▶ Required action
Exactly the lines from the one containing "People in an" through the one containing "Man in green" in the listing below are to be copied, with the pictures left out.

▶ Given entries
----

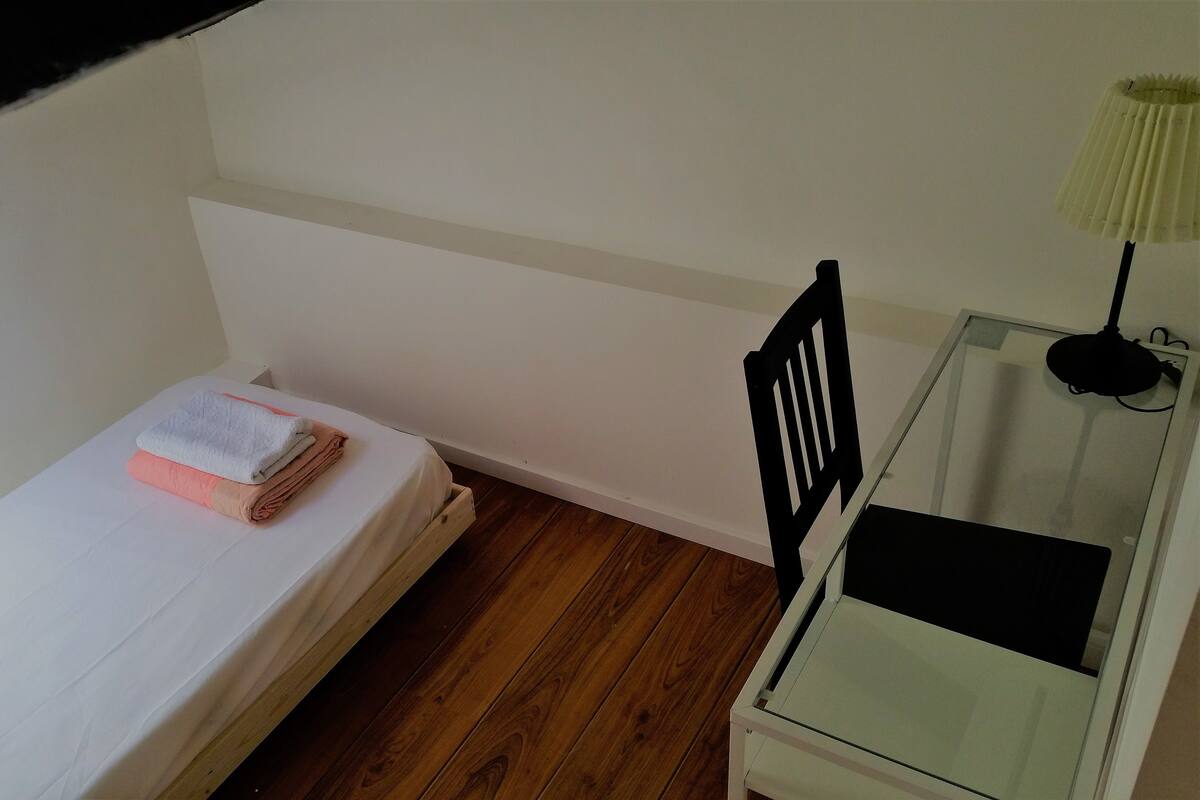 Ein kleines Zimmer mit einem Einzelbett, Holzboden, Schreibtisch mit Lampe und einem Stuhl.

----

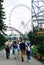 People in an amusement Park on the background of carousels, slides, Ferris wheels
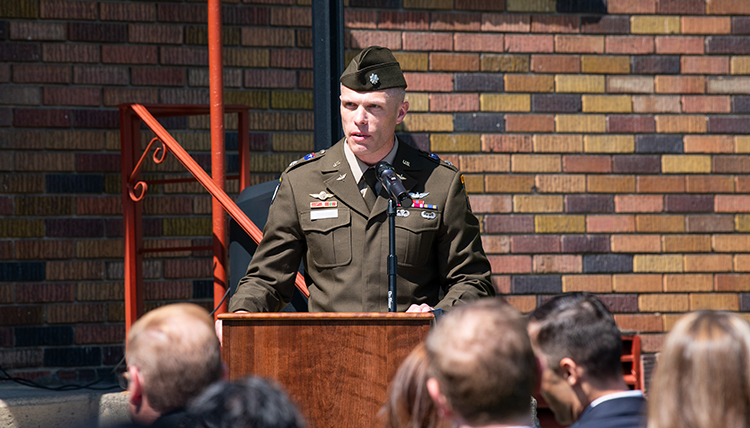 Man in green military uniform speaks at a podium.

----

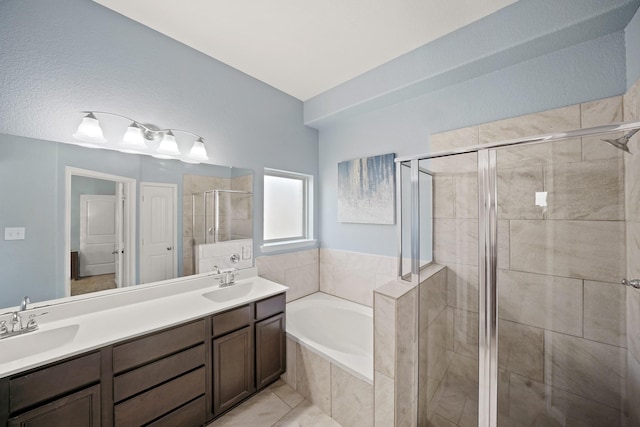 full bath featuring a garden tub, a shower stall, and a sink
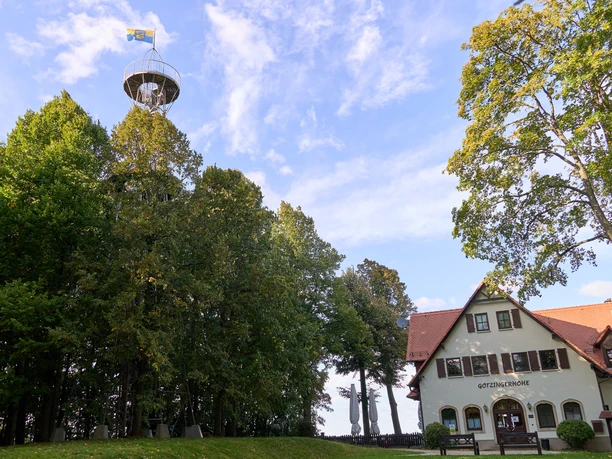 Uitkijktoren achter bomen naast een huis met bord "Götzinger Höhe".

----

▶ Answer
 People in an amusement Park on the background of carousels, slides, Ferris wheels
 Man in green military uniform speaks at a podium.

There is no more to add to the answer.